Artificial intelligent assistant

Get PID of the application running in the active terminal emulator My end goal is to be able to open a new terminal window (`urxvt`) directly in the current working directory of the program running in the window currently active. I'm currently using the shell (Bash), but I don't have anything against alternatives. So far, I've got the ID of the current active window using `xdotool`: wid=$(xdotool getactivewindow) and the PID of its process using `xprop`: pid=$(xprop -id $wid _NET_WM_PID | awk '{print $NF}') but this is not the PID I'm looking for. **I want the PID of the process running in the terminal displayed in that window.** For now, I mostly want the case of a `bash` shell running in that window, but I don't see why it would depend on that. I can already get CWD from a PID using `cwd="$(readlink /proc/$pid/cwd)"`.

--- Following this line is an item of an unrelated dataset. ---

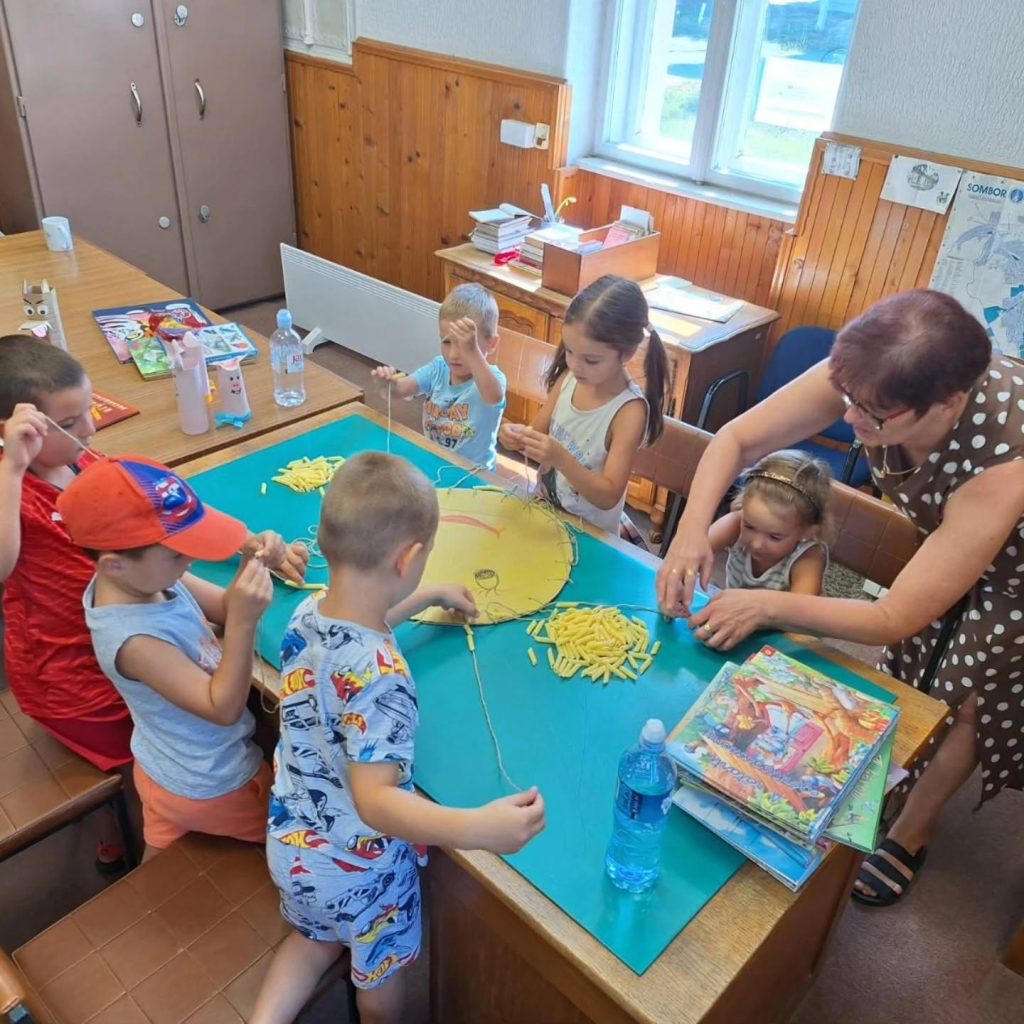 Предшколци из Дорослова уживали у летњем дружењу у библиотеци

Got it! Thanks to Stephane Chazelas for the help. The trick was to look for the child processes... D'oh!

My script is now:


#!/usr/bin/env bash
ppid=$(xdotool getactivewindow getwindowpid) # PID of process in the window
pid=$(pgrep -P $ppid | tail -n1) # PID of the last child
cwd="$(readlink /proc/${pid:-$ppid}/cwd)" # current CWD of pid, or ppid if no pid
cd "$cwd"
"$@"


You can use it by simply prefixing any command with the name of the script, eg. `incwd urxvt`.

The only caveat is that some programs, like `evince`, reset their `cwd`. I doubt there's anything I can do in these cases.